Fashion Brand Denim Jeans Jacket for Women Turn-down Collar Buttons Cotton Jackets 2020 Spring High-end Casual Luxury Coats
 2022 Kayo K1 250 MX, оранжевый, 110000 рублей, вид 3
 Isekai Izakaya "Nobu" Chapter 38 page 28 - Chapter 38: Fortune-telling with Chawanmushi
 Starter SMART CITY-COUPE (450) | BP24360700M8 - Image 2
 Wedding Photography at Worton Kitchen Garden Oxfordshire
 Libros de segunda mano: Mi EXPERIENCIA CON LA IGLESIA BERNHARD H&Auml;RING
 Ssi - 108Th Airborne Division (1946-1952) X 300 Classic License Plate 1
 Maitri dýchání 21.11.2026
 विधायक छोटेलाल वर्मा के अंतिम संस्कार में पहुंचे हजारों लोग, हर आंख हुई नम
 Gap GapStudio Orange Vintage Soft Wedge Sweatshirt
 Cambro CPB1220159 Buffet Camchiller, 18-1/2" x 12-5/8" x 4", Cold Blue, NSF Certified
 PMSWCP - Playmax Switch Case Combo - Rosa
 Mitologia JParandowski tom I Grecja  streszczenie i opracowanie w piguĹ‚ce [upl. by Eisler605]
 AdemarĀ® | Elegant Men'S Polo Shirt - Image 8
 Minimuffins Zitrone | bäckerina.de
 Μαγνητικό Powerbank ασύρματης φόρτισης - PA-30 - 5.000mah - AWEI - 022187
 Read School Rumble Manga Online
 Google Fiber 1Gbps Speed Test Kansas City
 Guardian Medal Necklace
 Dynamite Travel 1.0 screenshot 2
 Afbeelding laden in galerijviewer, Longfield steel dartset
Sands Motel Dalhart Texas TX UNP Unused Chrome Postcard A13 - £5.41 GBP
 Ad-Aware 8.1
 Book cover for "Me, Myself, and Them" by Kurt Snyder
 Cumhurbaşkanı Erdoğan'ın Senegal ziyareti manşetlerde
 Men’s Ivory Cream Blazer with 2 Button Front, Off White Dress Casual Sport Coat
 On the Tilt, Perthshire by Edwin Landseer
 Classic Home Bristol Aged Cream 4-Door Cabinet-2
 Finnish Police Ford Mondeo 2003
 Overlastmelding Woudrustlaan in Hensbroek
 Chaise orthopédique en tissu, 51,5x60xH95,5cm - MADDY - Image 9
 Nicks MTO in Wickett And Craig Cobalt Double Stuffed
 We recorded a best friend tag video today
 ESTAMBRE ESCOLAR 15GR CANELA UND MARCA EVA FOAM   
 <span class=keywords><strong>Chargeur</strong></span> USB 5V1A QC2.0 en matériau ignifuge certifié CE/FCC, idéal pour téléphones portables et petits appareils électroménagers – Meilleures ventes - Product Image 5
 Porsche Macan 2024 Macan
• • • •
Find each line in the records above that contains "with", and copy it.

Problem solution:
 Isekai Izakaya "Nobu" Chapter 38 page 28 - Chapter 38: Fortune-telling with Chawanmushi
 Men’s Ivory Cream Blazer with 2 Button Front, Off White Dress Casual Sport Coat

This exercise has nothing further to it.